I stepped off the airplane in Copenhagen, Denmark, and into a meeting about the Syrian resistance. Three activists using pseudonyms for fear of government reprisals told of three thousand civilians killed and many thousands detained in their quest to overthrow their government.
As the audience in the Danish Parliament — several hundred Danish government officials, journalists, activists, human rights workers and academics — listened, I could see the questions on their faces: Have the Syrians exhausted nonviolent methods? Is it time for them to take up arms?
The chair of the panel then asked for my view. I went to the podium, apologized for my obvious jetlag, and through an Arabic interpreter assured the activists that by refusing to use violence, they were on the right track — that active but peaceful methods were the best way to produce results. And I could even estimate their chances of success.

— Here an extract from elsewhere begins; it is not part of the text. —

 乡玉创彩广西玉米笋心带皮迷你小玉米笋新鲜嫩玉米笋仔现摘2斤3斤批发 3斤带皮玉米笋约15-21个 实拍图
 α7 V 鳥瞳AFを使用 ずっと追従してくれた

“If the Syrian uprising maintains nonviolent discipline and the regime’s security forces continued to defect, the chance that they will defeat Bashar al-Assad’s government — completely removing it from power — approaches 60 percent,” I said. “But if they turn to violence, their odds drop by half to 30 percent.”
When I made these claims in September, I could see audience members perk up, wondering how Danes could help Syrians defeat their tyrant. I stressed that the international community could offer moral support, but the real force for change would continue to be internal, civilian-led, nonviolent mass action.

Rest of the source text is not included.